Había ingeniado un carretillo especial para poder llevar cómodamente las marmitas, ya que las tenía que trasladar al punto de recogida situado en el barrio de mediavilla, junto a la fuente.
Para hacer el queso utilizaba la leche cruda de cabra y vaca, le añadía el cuajo, una vez cuajado procedía al desuerado, le echaba sal y llenaba varios moldes, encima colocaba un trapo y una piedra para que acabase de desurar. Este queso era muy solicitado, igual que la miel y los huevos, y todos los días venía gente a comprar.
A parte de los animales ya mencionados Cándido tenía a Chicu, su fiel perro, que tanto le ayudaba a la hora de manejar los animales y con el que nos gustaba mucho jugar. También tenía una burra, que le llevaba a todos los sitios. Esta era de color gris y como todas las de su especie muy testaruda, pero tengo que decir que era mi animal favorito, a pesar de que más de una vez me tiró y se me escapó. Yo me sentía un gran jinete cuando me montaba en ella y me pasaba los días pidiéndole permiso a Cándido para hacerlo, cosa que no siempre conseguía.




Recuerdo una vez que había que ir por la tarde con un sol de justicia a “esvolver” dos praos que tenía en la zona de El Campillo, ensillamos la burra y nos montamos los dos con un par de rastrillos y un paraguas a modo de sombrilla, ¡menuda pinta debíamos de tener!.
Otra labor en la que solía ayudar era la de regar la huerta al atardecer. Tenía que tener mucho cuidado de no mojar las hojas y si veía algún caracol o lumiago cogerlo y meterlo en una lata. En ella había lechugas, puerros, cebollas, berzas y patatas.
Cándido también tenía colmenas, más concretamente dujos, que estaban colocados unos en la huerta junto a la pared del colgaizo y otros en la era de la parte trasera de la casa, a donde daba el pajar.

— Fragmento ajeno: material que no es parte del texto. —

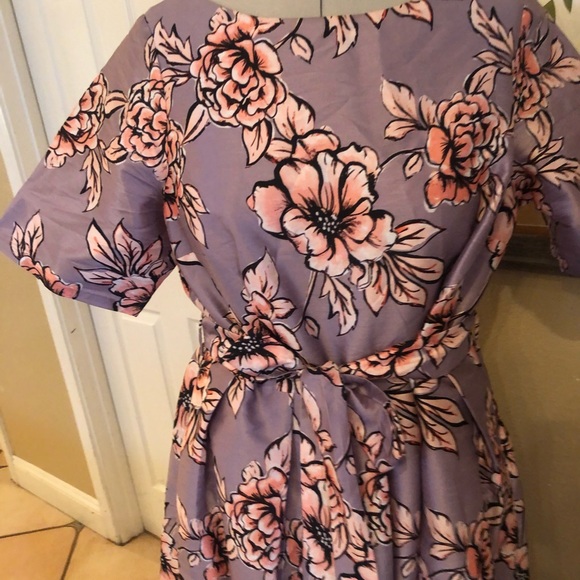 Eshakti formal 3/4 sleeve floral dress w/ a sheen to it, sz 2X - Picture 4 of 6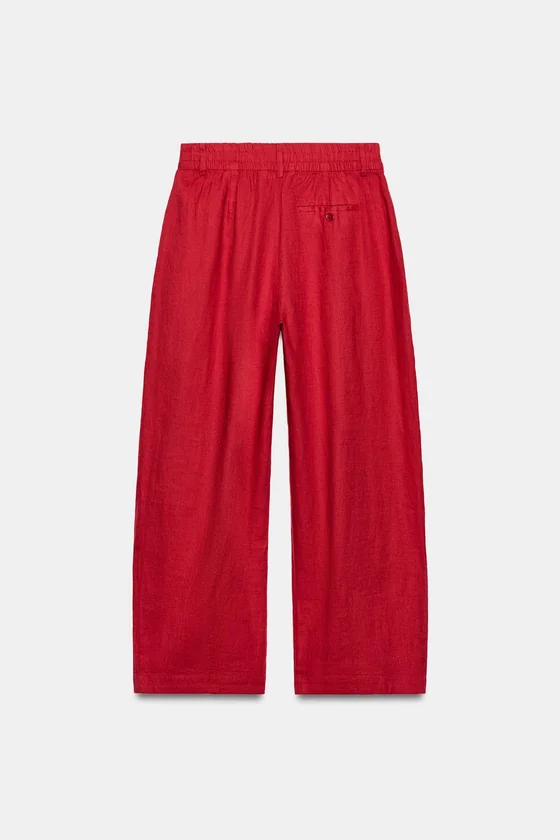 БРЮКИ ИЗ 100% ЛЬНА С ЗАЩИПАМИ — коллекция Zara «ZW»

En esta época del año las abejas todavía enjambraban y siempre había que estar atentos para avisarle si veíamos un ensambre y seguirle haciendo ruido dando palmadas, con dos piedras o latas, para que se posase y ver donde lo hacía, y así de paso con tanto jaleo se enteraban los demás vecinos que era de Cándido.
La manera en que los cogía era muy sencilla, aunque algunas veces se le escapaban, porque como él decía “las moscas son muy especiales y listas”. Una vez se había posado y estaba localizado el ensambre, cogía el escriño, que es una especie de cesto hecho con paja y zarzas y le untaba el fondo con agua-miel. Lo colocaba encima del enjambre y esperaba a que se metiesen ellas solas. Otras veces les echaba humo con el ahumador. Una vez en el escriño, las llevaba a un dujo que estuviera vacío y dando un golpe seco las metía todas dentro. En los días siguientes la vigilaba para ver si funcionaba bien.
No todo era trabajo, también había momentos de relajación y charla. Pero sobre todo había uno que era sagrado: el parte de las noticias y el tiempo.



También bajábamos a la cantina, La Joyanca, casi todos los días a por el pan, pero sobre todo era cita obligada los domingos después de la misa como centro de reunión de todos los vecinos del pueblo. Recuerdo que en ella se podían comprar comestibles, helados, golosinas o tomar todo tipo de bebidas.
La temporada de la hierba solía empezar en fechas próximas a San Juan, el 24 de junio, y finalizaba alrededor de un mes más tarde, hacía el 25 de julio, festividad de Santiago. En esta fecha nos solíamos bajar a Reinosa para seguir con el veraneo, pero subiendo cada dos por tres a Abiada, tanto para ayudar a Cándido en alguna labor puntual como la trilla o simplemente de visita, sin faltar por supuesto, a su bonita fiesta de “Los Campanos”, el primer domingo de septiembre.